Content starts
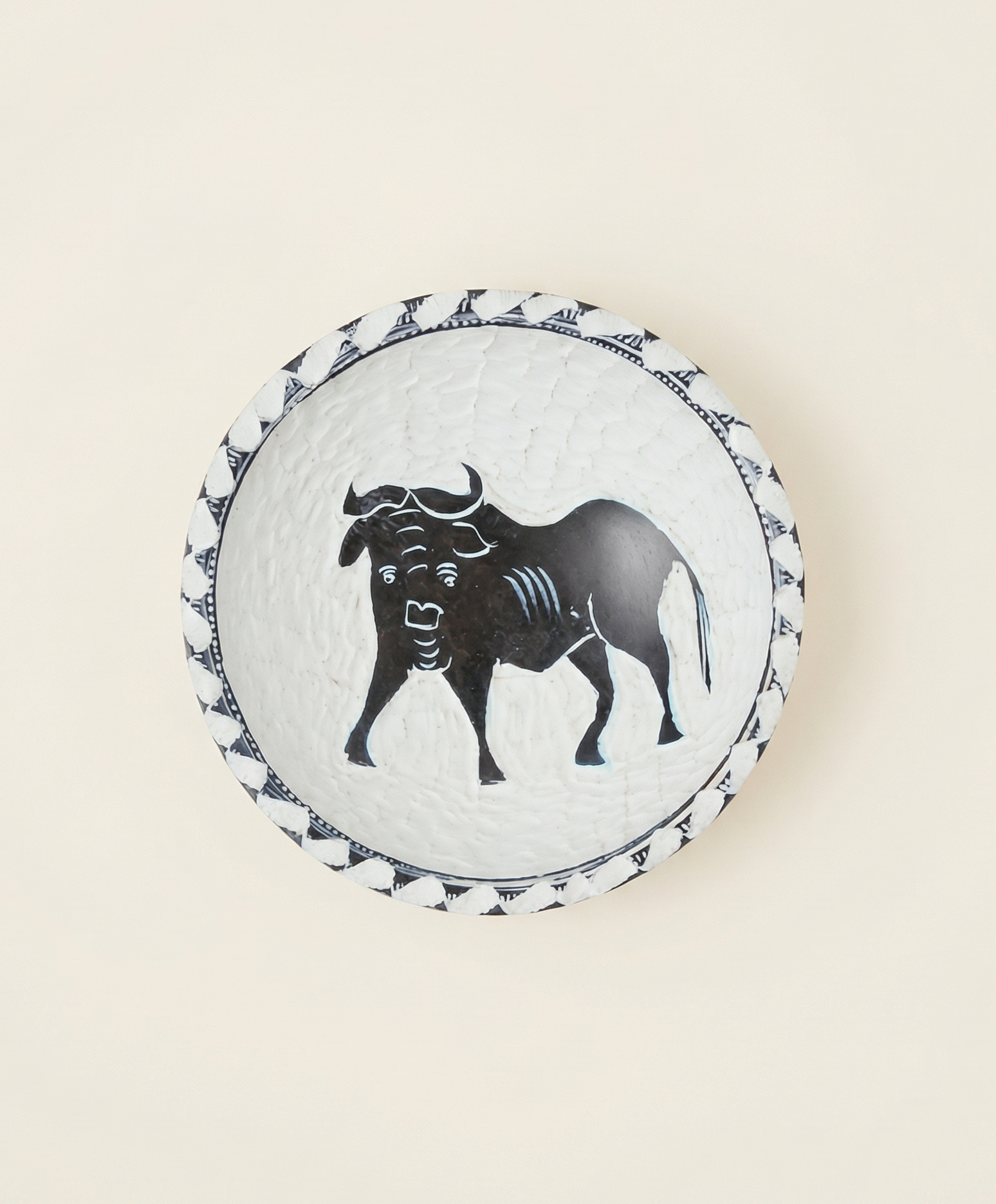 Soapstone Bowl | 10 cm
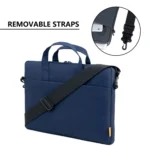 A530 Series Portable Laptop Bag with Removable Strap - Image 5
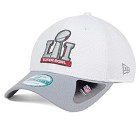 CAPPELLO NEW ERA 9FORTY LI SB 51 SUPER BOWL  UFFICIALE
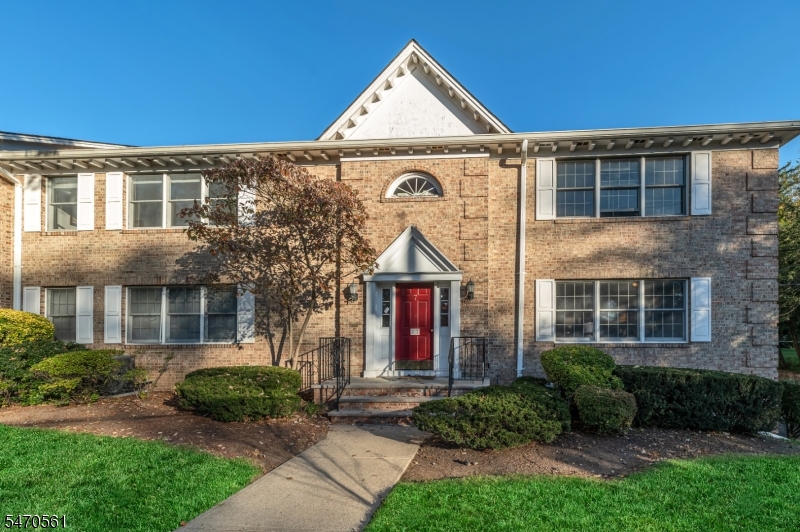 7 Liberty Street Ridgewood Village NJ 07450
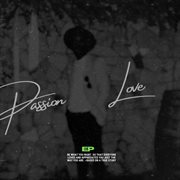 Passion & love cover image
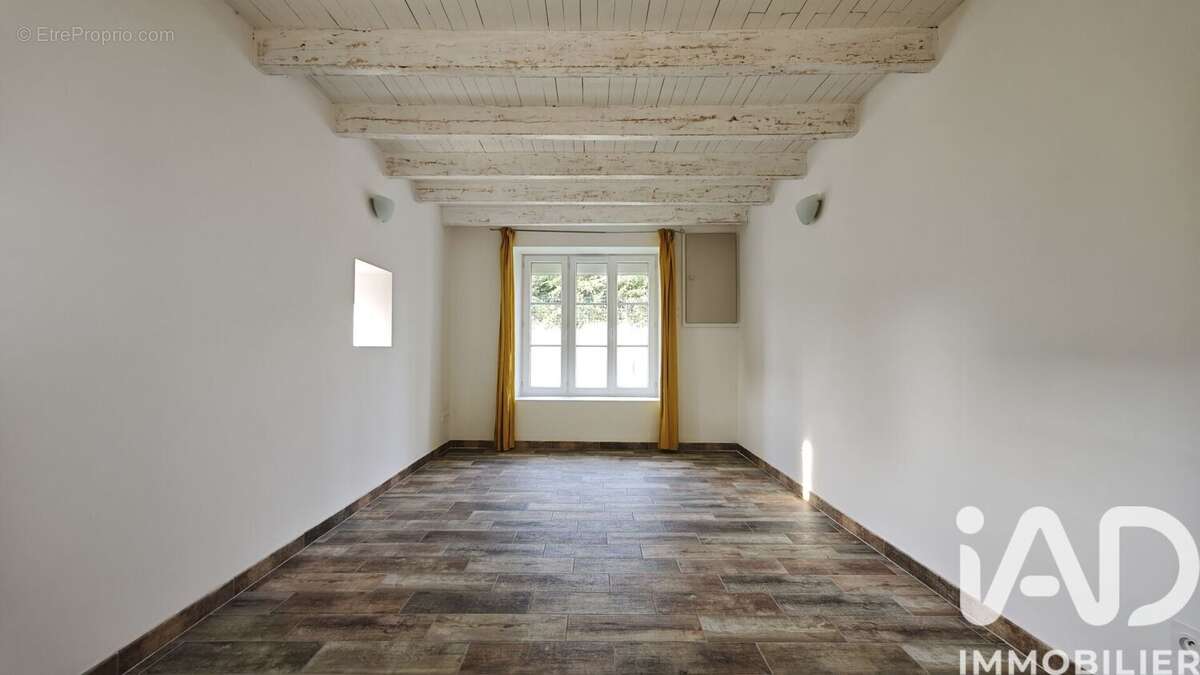 Photo 4 - Maison à SAINT-HILAIRE-DES-LOGES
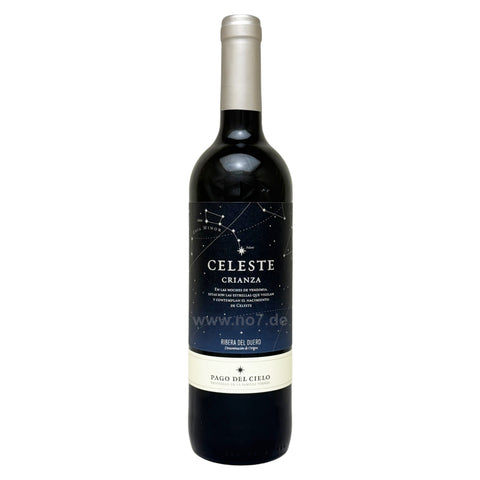Celeste Crianza - Miguel Torres 0,75l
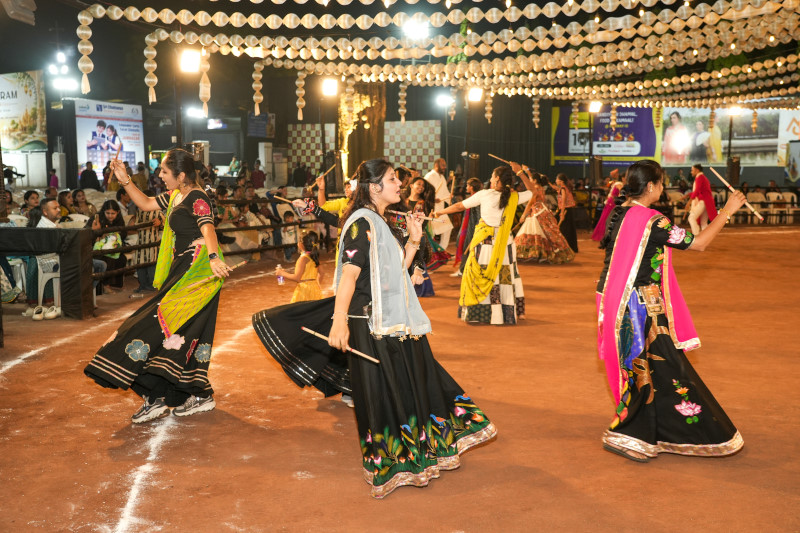 Navratri 2026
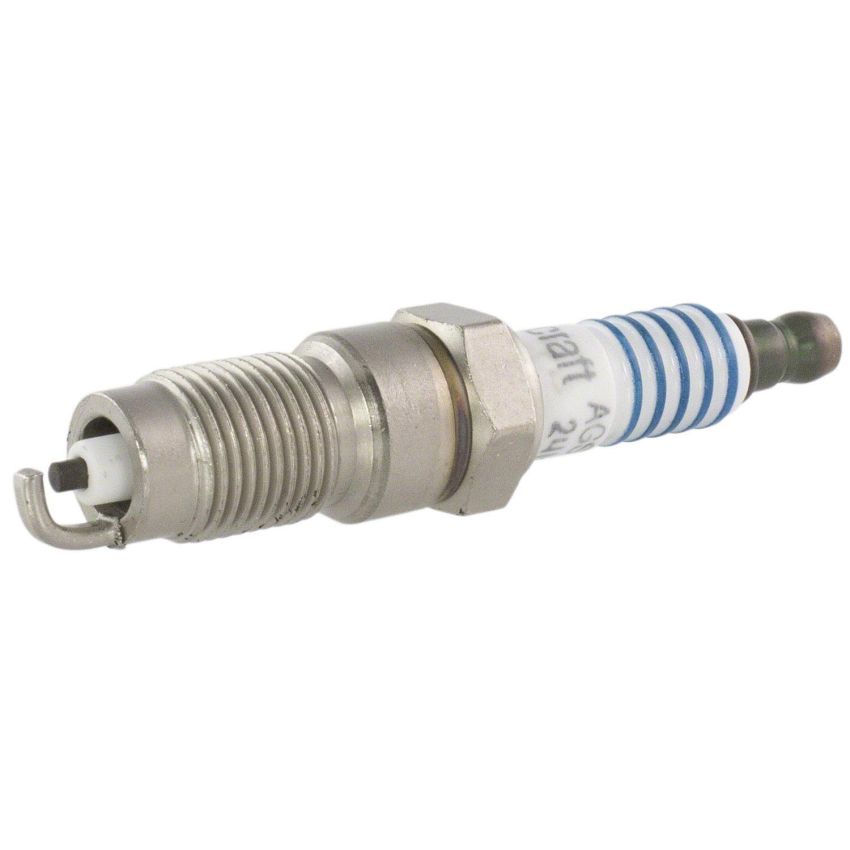 Motorcraft Spark Plugs AGSF24NX
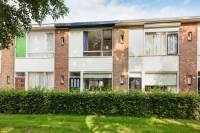 Woning Schiphollaan 27 Tilburg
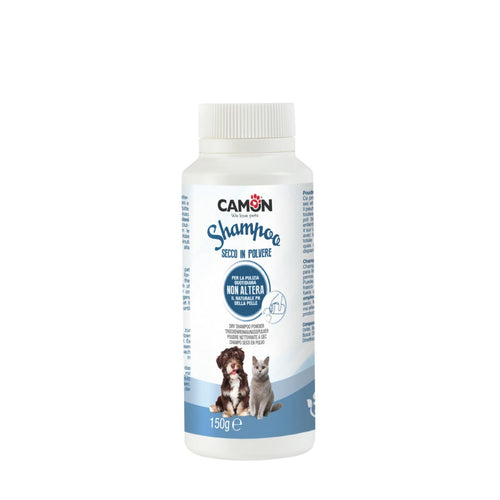 CAMON Puder za suho pranje 150g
Content ends
§ Work request:
What you need to copy is the run of lines from the one holding "Woning Schiphollaan 27 Tilburg" through the end of the data, exactly and only, both ends included, pictures omitted.

§ Exercise output:
 Woning Schiphollaan 27 Tilburg
 CAMON Puder za suho pranje 150g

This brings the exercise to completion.